In prayer I was given the idea to turn to reading about the women saints. Now I know that the year 1607, which St. Jane Frances de Chantal lived in is much different than the present, but the most important aspects are all present: their call to religious life, their unwavering faith to God and all the good they were able to do for God’s kingdom.

If you are like me and discerning your vocation, I would suggest first that you pray. Then try talking to a religious or priest in your local parish. They sincerely want to help you find your calling and follow God’s path for you. Also, check websites of various religious orders to learn about their upcoming retreats for women and get in touch with their Vocations Directors. Do not feel overwhelmed. Pray for God’s guidance through the Holy Spirit, and trust in His plan for your life.

4 Responses to Vocations Corner: Beginning the Discernment Process for Religious LIfe

  1. Claire,

    I loved your article found in The Catholic Connection today! As a parent and a religious leader in our church I’m so very proud that you have reached out to so many young women in North Louisiana. Thank you for being the loving and caring young lady that you have become.

    Jacque L. Vidrine

  2. Eve Gilcrease says:


    What a wonderful article.

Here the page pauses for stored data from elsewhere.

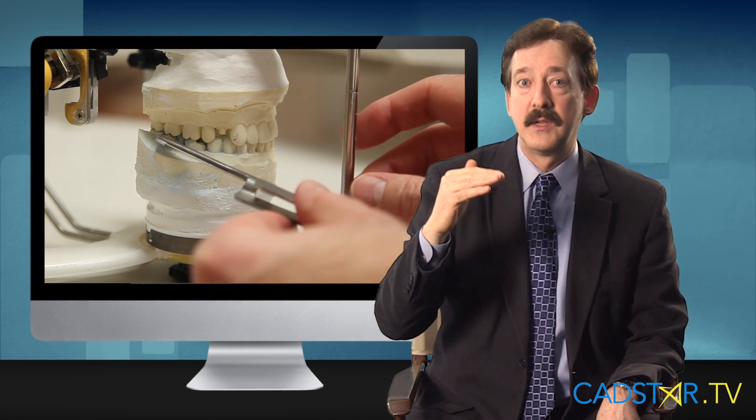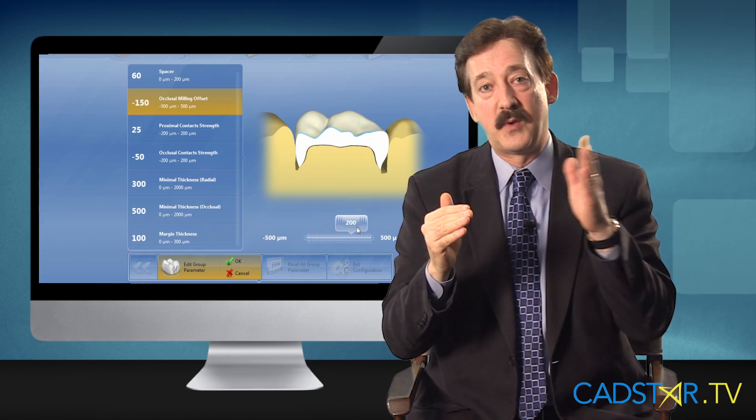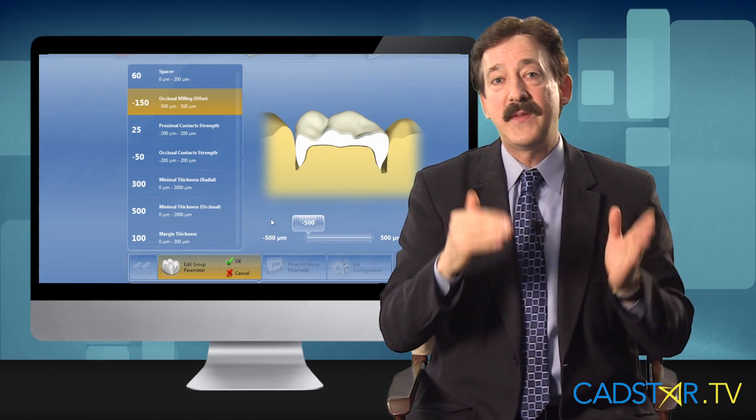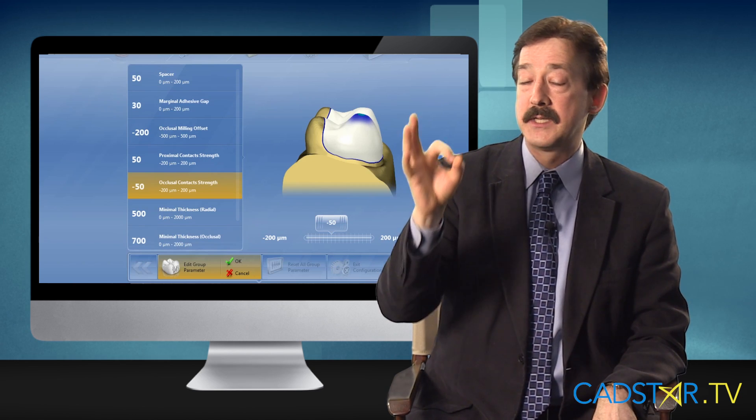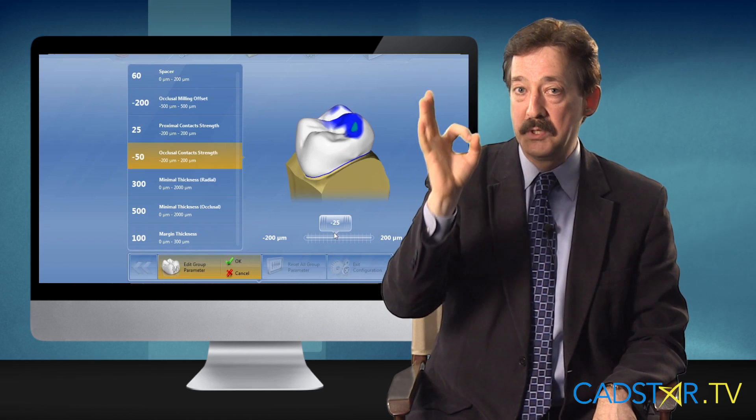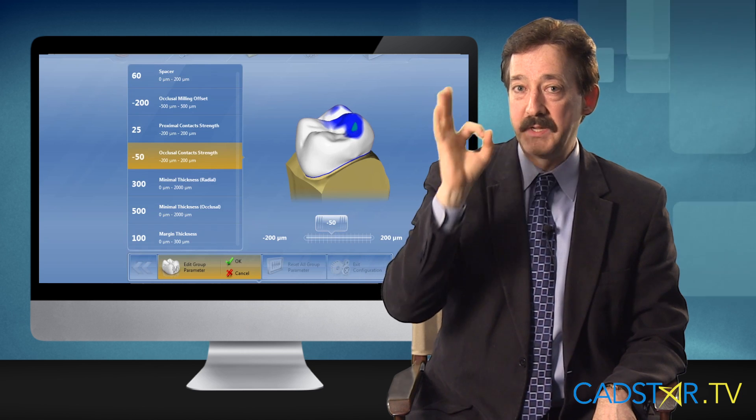It is true — you can take an opposing arch and a buccal scan even when you're doing biocopy today and get the benefits of the opposing arch if you want to refine the occlusion. That's the second factor that affects occlusion. In biogeneric, I use occlusal offset at negative 150 with negative 50 on occlusal contact strength, which means my occlusal contacts show as light blue. That's really consistent.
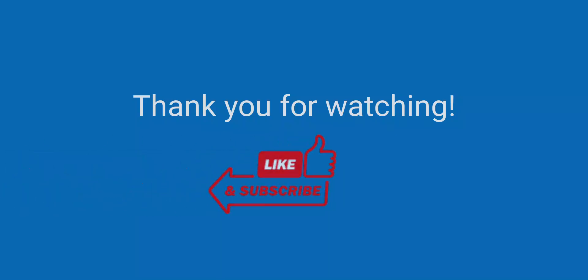Thank you for watching. Make sure to subscribe.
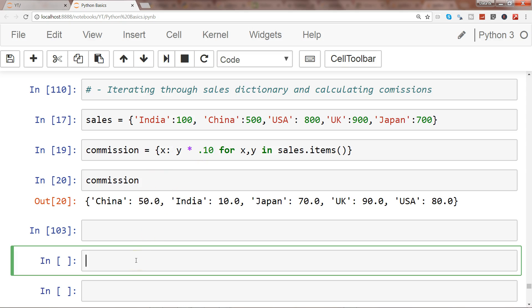Then after you have created a separate one, create another dictionary which is tax_commission where within one single statement you calculate both the commission as well as tax and print it within the dictionary. This will help you achieve even one level above requirement when you have to apply multiple calculations using dictionary comprehension and output as a new dictionary.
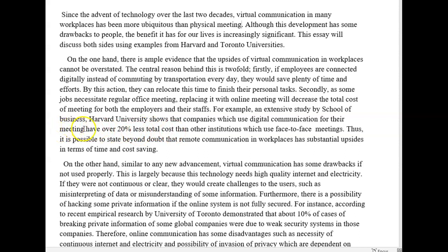Be careful with that phrasing — 'over 20% less total cost' sounds a little awkward. Let's see if we can rephrase it. Why don't we do something like: have more than 20% reduced costs, or perhaps which have approximately 20% lower costs than other institutions which use face-to-face meetings. Just simplify your life and don't write it the awkward way. Thus, it is possible to stay beyond doubt that remote communication in workplaces has substantial upsides in terms of time and cost savings — I think 'savings' is better here.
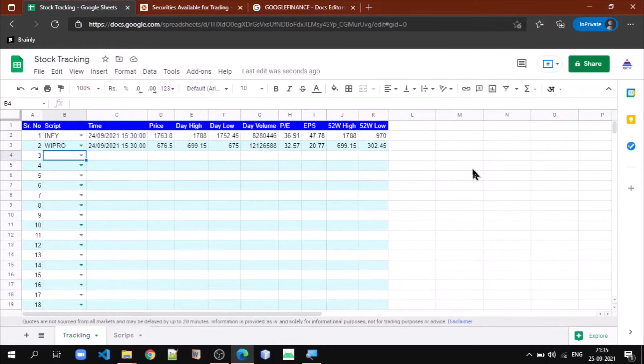Hello, welcome back. Today we'll see how to use the Google Finance function to fetch stock data into Google Sheets.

You are such an inspiration to so many young women out there. I am so very proud of you! Please know that Eddie and I are always here for you.


  3. Jo Kaufman says:

    I’m so proud of you! This is an amazing article. I’ll be in prayer as you discern the next road that this journey takes you. May the Holy Spirit be your guide.

  4. Rickie Giroir says:

    I have a client who has two daughters studying to be nuns. Perhaps they could give you a view from their perspective. If you are interested, tell your mother to call me and I will give Heather the contact info.